Después de varias semanas buscando, cuando lo vio supo que era él. Sus grandes ojos y su pelaje blanco la hipnotizaron enseguida. Fue uno de los días que se levantó más decidida de la cama y mucho más temprano de lo que habría querido, porque su mente no dejaba de recordarle que aquel era el día que llevaba esperando siempre y tenía que salir todo perfecto.
Preparó toda la casa, una, dos, y tres veces hasta que no le quedo otra que esperar sentada a que pasaran las horas del reloj que parecía que nunca habían ido tan despacio como aquel día.

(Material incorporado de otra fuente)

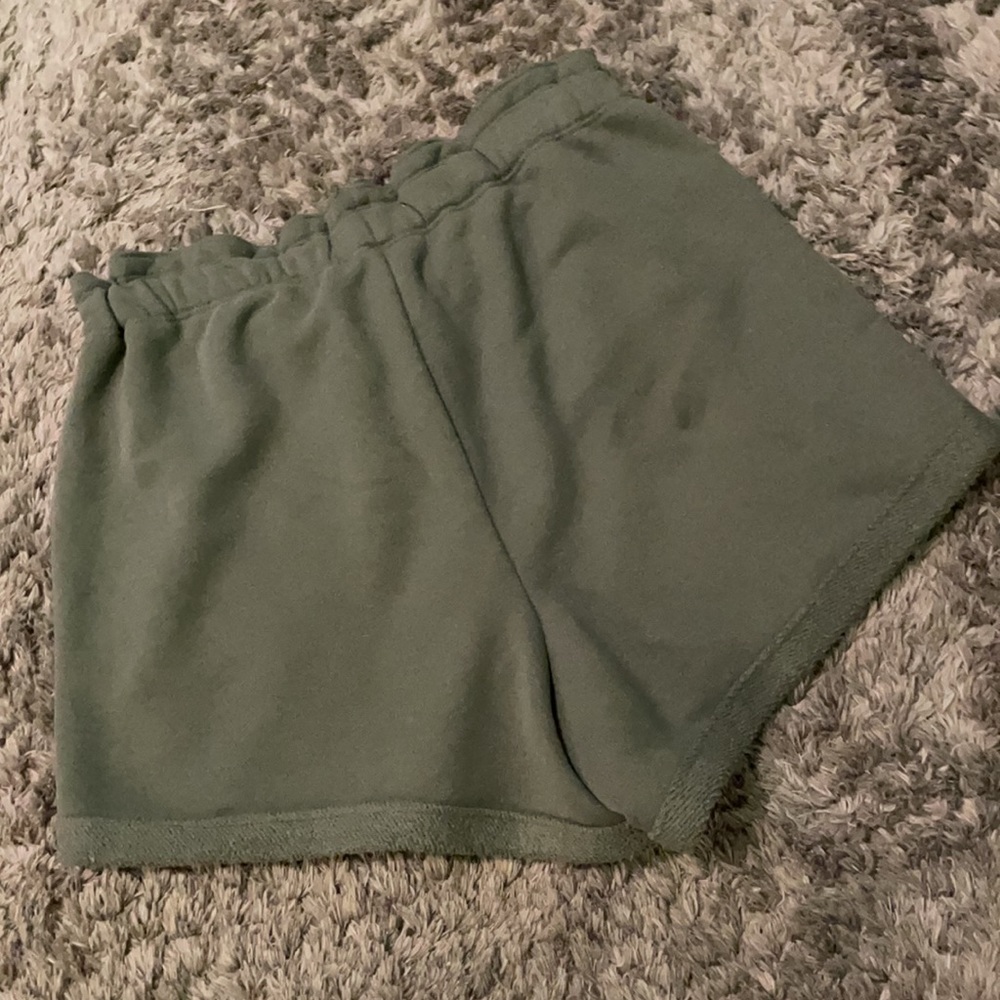 OLIVE SHORTS - Picture 3 of 3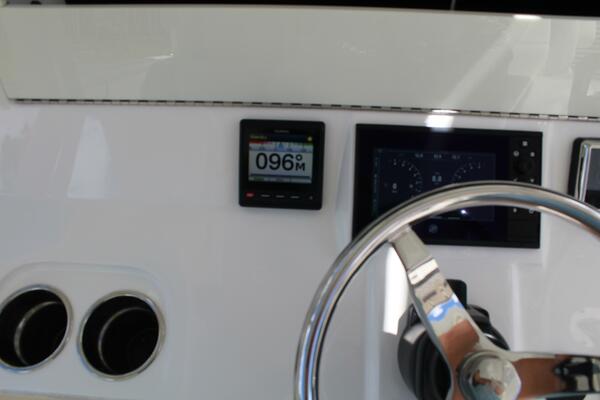 37ft SeaVee Yacht For Sale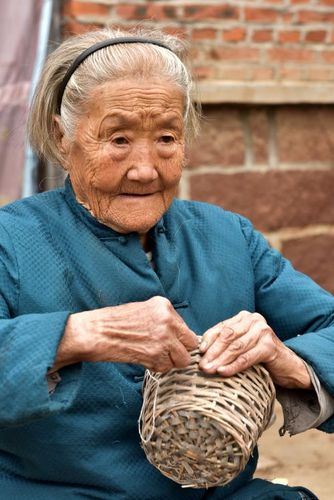 世纪风华岁月流金临沂市百岁老人摄影展即将开展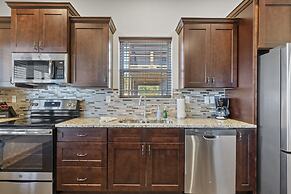 Lakefront Haven 9 Bedroom Home by RedAwning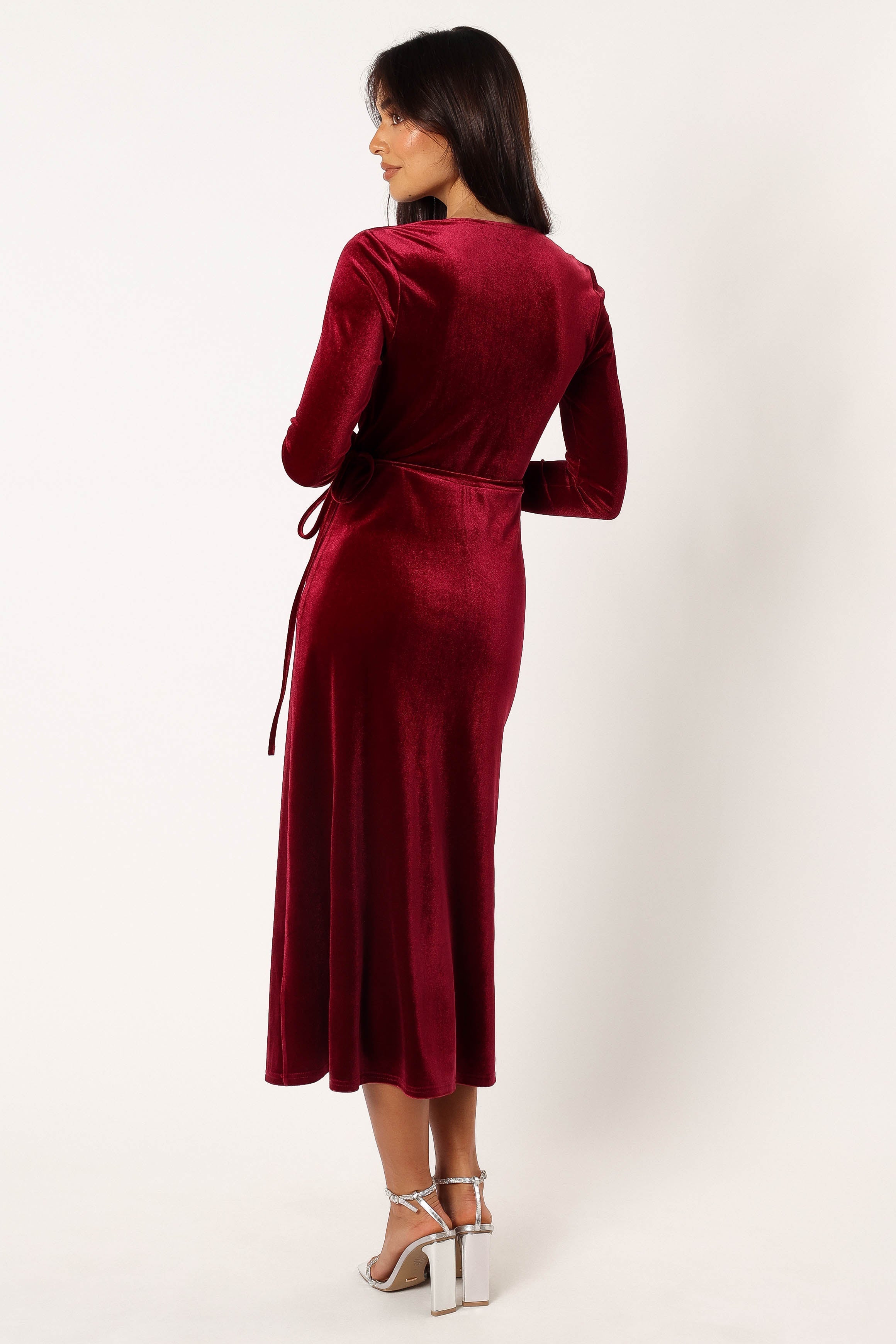 DRESSES @Darby Longsleeve Midi Dress - Burgundy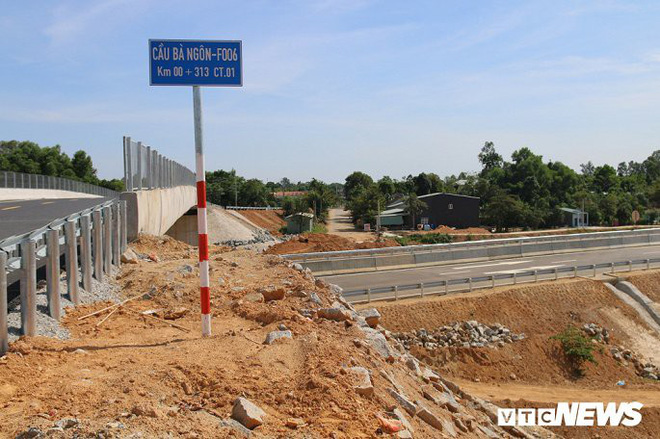 Cao tốc Đà Nẵng – Quảng Ngãi vẫn ngổn ngang sau ngày thông xe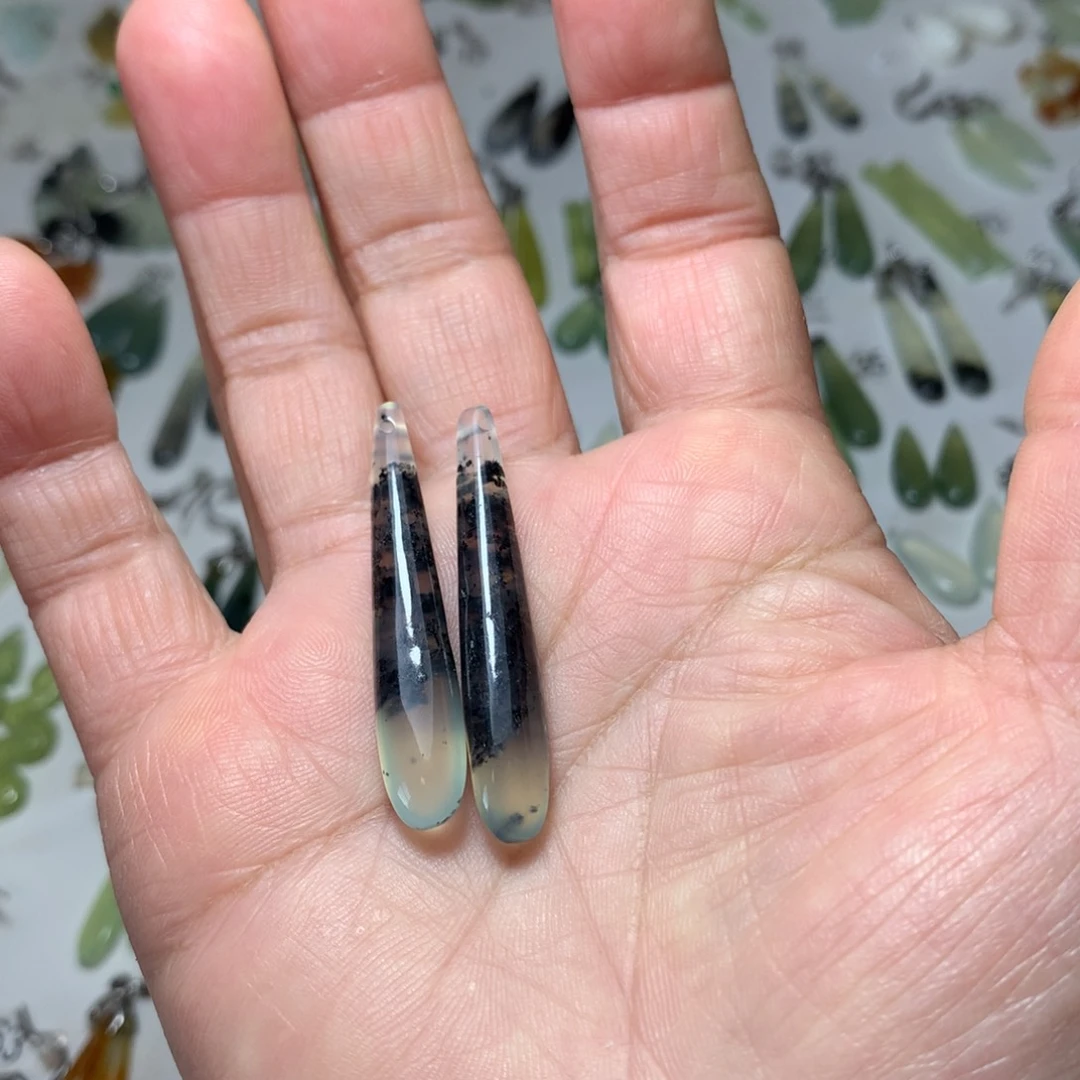 蛇纹石玉耳饰未镶嵌七**?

Y por fin, apareció. Desde que sus ojos se encontraron mutuamente supo que quería cuidarlo y protegerlo para siempre y sintió el amor más profundo que alguien puede sentir cuando sabe que ahora va a haber uno más en su familia. Porque para ella era eso, uno más, tan especial como cualquiera de los otros elementos que la componían.
Y es que desde pequeña había aprendido que el amor más puro, el sentimiento de incondicionalidad, la capacidad de saber que hacer en cada momento y el no sentirse solo nunca lo había conocido a través de los animales. No eran un divertimento ni un complemento a la vida, eran la vida y en ellos habitaban todas aquellas cosas que muchos humanos parecían haber perdido o sustituido. Porque no necesitan hablar para entendernos mejor que nadie, no necesitan pedir un abrazo o una caricia, simplemente saben como conseguirla con una mirada, no conocen la desconfianza y sobre todo, no se sienten obligados a amar o consolar, simplemente lo hacen.
Y allí estaba él, esa bolita peluda e indefensa que no sintió ningún miedo cuando nos quedamos solos y se alejo de aquellos que le habían regalado la vida. Porque todo él desprendía amor, calidez, ternura y curiosidad y por eso no perdió ni un segundo en empezar a conocernos. Empezaron a jugar mientras preparaban el escenario para la sorpresa y en cada movimiento que hacía detrás de su juguete, ella sentía como sus emociones afloraban cada vez más porque en esos pocos segundos ya había conquistado una parte de su corazón y de su nueva vida. Porque sabía que a partir de ahora iban a haber muchos juegos, carreras, intentos por fotografiar todas y cada una de sus posturas, vídeos de sus hazañas, travesuras y mordeduras a modo de despertador, pelos en la ropa y en la casa, maullidos, ronroneos y siestas enroscado entre nuestros brazos dándonos el calor que ninguna otra estufa podría darnos, cuidados, preocupaciones, enfados, arañazos y muchas más cosas…
Pero sobre todo sabía que a partir de ahora su mundo iba a cambiar porque después de haber descubierto ese diamante su brillo jamás iba a dejar de deslumbrar el camino que les conduciría inevitablemente a la felicidad cuando estaban con él.